Android phones do a lot more than make phone calls. They’re cameras, GPS navigators, credit cards, and so much more. What if it could also be the key to your car? That’s exactly what Android 12’s “Car Key” feature does.
What Is Android Car Key?
As the name implies, the Car Key feature literally enables your Android smartphone to act as the key to your car. You can lock, unlock, and even start your car with your phone.
The concept is very similar to mobile payment services. For example, Google Pay allows you to use your phone as a credit card. Simply tap it to the card reader and you can pay without fishing for your wallet.
Android’s Car Key feature is not a unique idea, in fact, Apple is working on their own version of it for iPhones and Apple Watches. Both Google and Apple are part of the “Car Connectivity Consortium,” which created a digital key standard.
How Does It Work?
Android’s Car Key feature takes advantage of a couple of different technologies. The first is Ultra-Wideband (UWB) technology. This is something that has slowly been added to smartphones over the year, for example with the iPhone 11 in 2019.Ultra-Wideband is similar to Bluetooth and Wi-Fi in that it’s a wireless protocol that uses radio waves. UWB uses these radio waves to detect when other objects—like your vehicle—are in physical proximity. It’s the same technology used in the Apple AirTags.
The other technology at play is Near Field Communication (NFC), an old standard that has been in phones for a long time. This is another technology that relates to being physically close to objects. It allows you to tap your phone to the car door to unlock it.

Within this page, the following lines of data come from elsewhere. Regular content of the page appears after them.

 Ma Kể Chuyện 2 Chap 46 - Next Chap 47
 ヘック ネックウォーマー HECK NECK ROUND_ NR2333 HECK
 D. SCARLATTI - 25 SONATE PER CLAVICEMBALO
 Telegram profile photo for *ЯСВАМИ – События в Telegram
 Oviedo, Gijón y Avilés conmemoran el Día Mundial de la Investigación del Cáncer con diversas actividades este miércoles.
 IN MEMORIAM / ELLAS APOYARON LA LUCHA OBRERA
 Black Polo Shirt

Which Phones and Cars Will Get It?
Unfortunately, due to the technologies used for the Car Key feature, it won’t be available to everyone, at least not right away. Google is working with BMW and “others” to bring the feature to upcoming cars.

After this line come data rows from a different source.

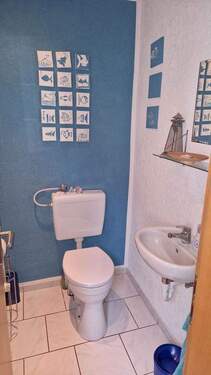 Gäste-WC - 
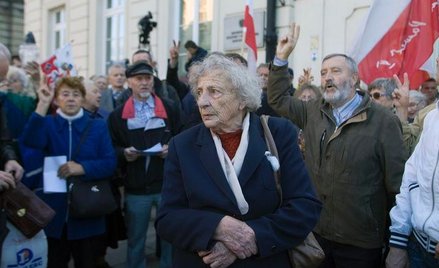 Dziś Marsz dla Jezusa Chrystusa Króla Polski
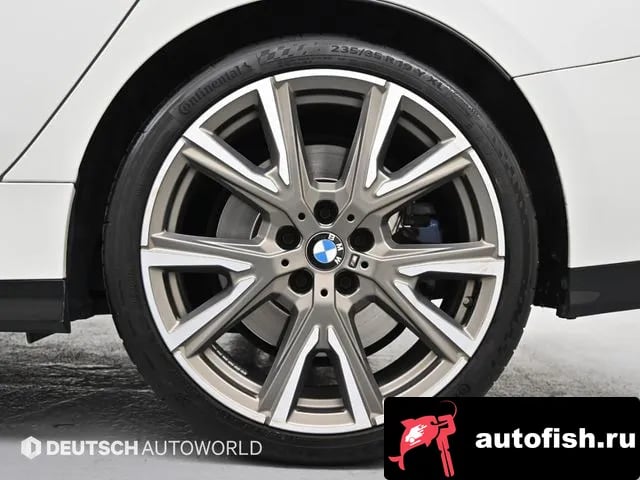 BMW 2-Series 2 Series Gran Coupe (F44) 2022 года - вид 5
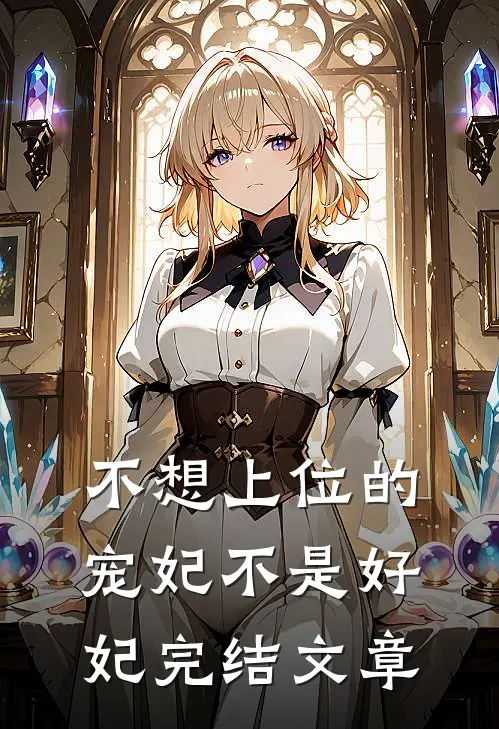 不想上位的宠妃不是好妃完结文章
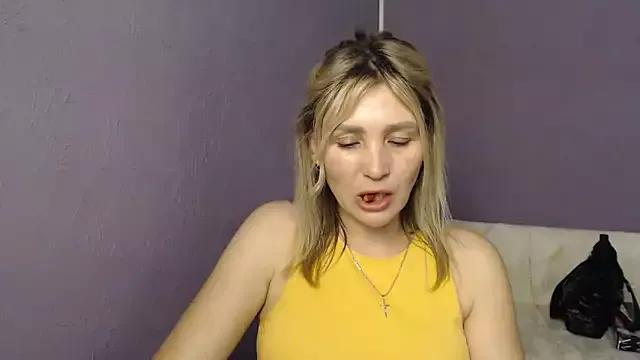 _sexy_lady from StripChat is Freechat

On the phone side of things, you’ll need a recent generation Google Pixel or Samsung Galaxy phone that supports UWB and NFC. Google announced the Car Key feature in May of 2021, saying it would become available “later this year.”
This is an exciting new use for smartphones as a whole. Car companies such as Tesla and Audi have their own versions of this feature, but a standardized method built-in to iPhones and Android devices makes it much easier for everyone.